Portfolio management

This involves selecting the optimum return/risk combination for each investor. The investment process is therefore based on analysing the investor's risk tolerance, selecting investments and executing buy and sell orders for specific securities.

Portfolio management enables investors to delegate decision-making to the financial institution, which assumes responsibility for all decisions about the products, investments and transactions carried out.

The financial institution is obliged to send customers regular information about the composition of their investments, including their value and performance with respect to the benchmark indicator.

There is a fee for the use of the portfolio management service on top of other fees related to the transactions carried out and the financial institution must issue regular fee statements, although investors can request these details at any time.

Portfolio management in Spain can be carried out both by private investors on their own behalf and by companies authorised to provide this service.
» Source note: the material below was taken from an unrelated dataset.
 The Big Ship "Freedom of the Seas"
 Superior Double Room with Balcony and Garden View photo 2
These companies are as follows:

  • Management firms of collective investment institutions (CIIs), which are authorised to manage collective investment institutions.
  • Portfolio management companies (PMCs), which are only authorised to manage other people's portfolios. These companies can't create portfolios with their own assets but they can manage their customers' portfolios.
  • Securities companies (SCs), which can manage both their own portfolios and those of others.
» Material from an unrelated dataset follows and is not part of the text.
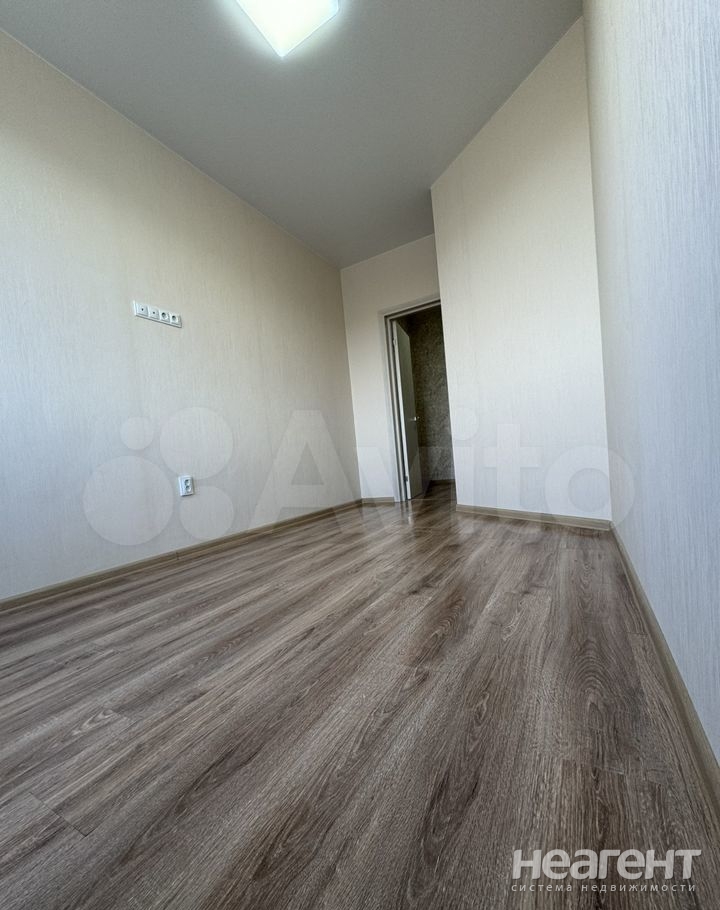 Продается 1-комнатная квартира, 30 м²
When it comes to managing portfolios, there are two different strategies:

  • Active management, where the primary aim is to obtain a higher return than the market. This type of management requires a manager with excellent analytical skills, a robust knowledge of the market and plenty of experience.
  • Passive management, which consists in ensuring that the performance of the assets under management is perfectly aligned with the market. This is achieved by building a portfolio that mirrors the benchmark index and this type of management is therefore also known as indexed management.
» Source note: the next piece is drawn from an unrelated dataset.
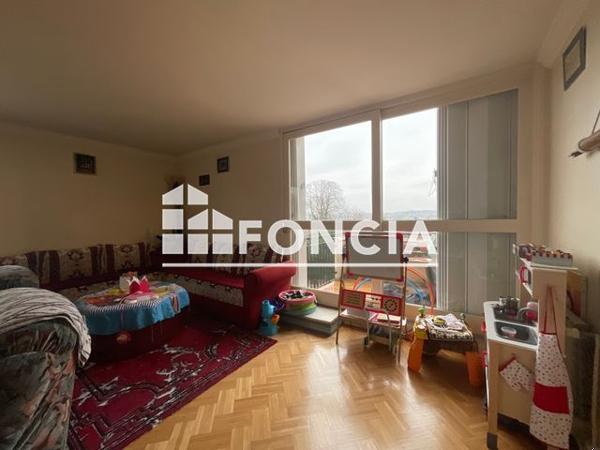 À vendre Appartement 4 pièces 93.05 m² - Corbeil-essonnes 91100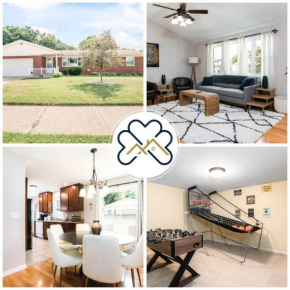 TDJ Getaway 4BR Home with game room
The main factors that influence portfolio management are:

  • Asset allocation, which is crucial because a precise combination of assets can maximise the return.
  • Risk minimisation.

It's important to bear in mind the investor's risk tolerance because this determines the balance of risk in the portfolio.

Diversifying the investment across different markets, securities and sectors can also help reduce the risk.

There must be benchmarks to ascertain the risk/return ratio, track possible errors and ultimately measure performance as accurately as possible.

Restructuring the portfolio on a regular basis will help to maintain the correct balance between risk and return.